Los que están en posiciones directivas no entienden lo que está ocurriendo. Viven en entornos cerrados que les impiden ver lo corrosiva que es la persistente desigualdad y la diferencia de oportunidades

Están pasando cosas imprevistas, también para quienes en principio disponen de los mejores instrumentos para conocer la sociedad y anticipar su posible evolución: resultados electorales desconcertantes, pérdida de referendos contra todo pronóstico, avance de fuerzas políticas reaccionarias… El pabellón de los desconcertados está formado por gente de variada procedencia, tanto de derechas como de izquierdas, los conservadores clásicos y los pijos progresistas, el Partido Republicano americano y los Clinton, los socialdemócratas y los democristianos europeos… En tiempos de fragmentación, lo único transversal es el desconcierto, aunque a la derecha le suele durar menos. Por lo general, los conservadores se llevan mejor con la incertidumbre y no tienen demasiadas pretensiones de formular una teoría de la sociedad, mientras las cosas funcionen. La izquierda suele sufrir más con la falta de claridad y tarda mucho tiempo en comprender por qué los trabajadores votan a la extrema derecha. De ahí el amplio debate acerca de qué debe hacer la izquierda (los liberales, los demócratas, los socialistas o los progresistas) para recuperar alguna capacidad estratégica en medio de una situación que ni comprende ni, por supuesto, controla. De todas maneras, puede que la distinción entre la derecha y la izquierda sea menos relevante que la diferencia entre quienes lo han entendido (Trump y Sanders) y quienes no han entendido nada (los demócratas y los republicanos clásicos).
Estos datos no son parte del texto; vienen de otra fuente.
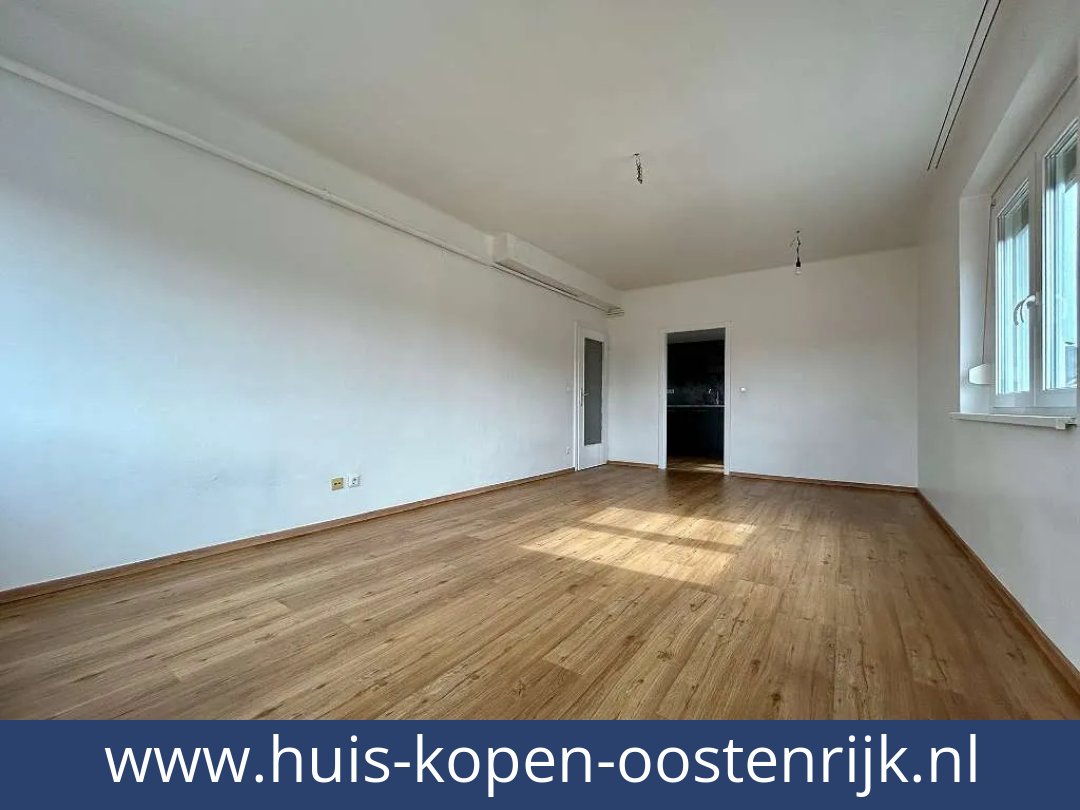 huis-kopen-oostenrijk-graz-8020-20260705005617-0085401005.jpg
¿Cómo se explica este desconcierto? Mi hipótesis es que tiene su origen en la fragmentación de nuestras sociedades. Vivimos en comunidades atravesadas por fracturas múltiples, en Estados Unidos concretamente, entre las ciudades de la costa y el interior del país, entre la población blanca y las minorías, la ética protestante del trabajo y una cultura de la abundancia y la diversión… Al mismo tiempo, los medios, los tradicionales y las redes sociales, han acelerado esta fragmentación de las identidades culturales y políticas; especialmente las redes sociales permiten la creación de comunidades abstractas y homogéneas en unos enclaves de opinión donde se refleja la autosegregación psíquica de las comunidades ideológicas.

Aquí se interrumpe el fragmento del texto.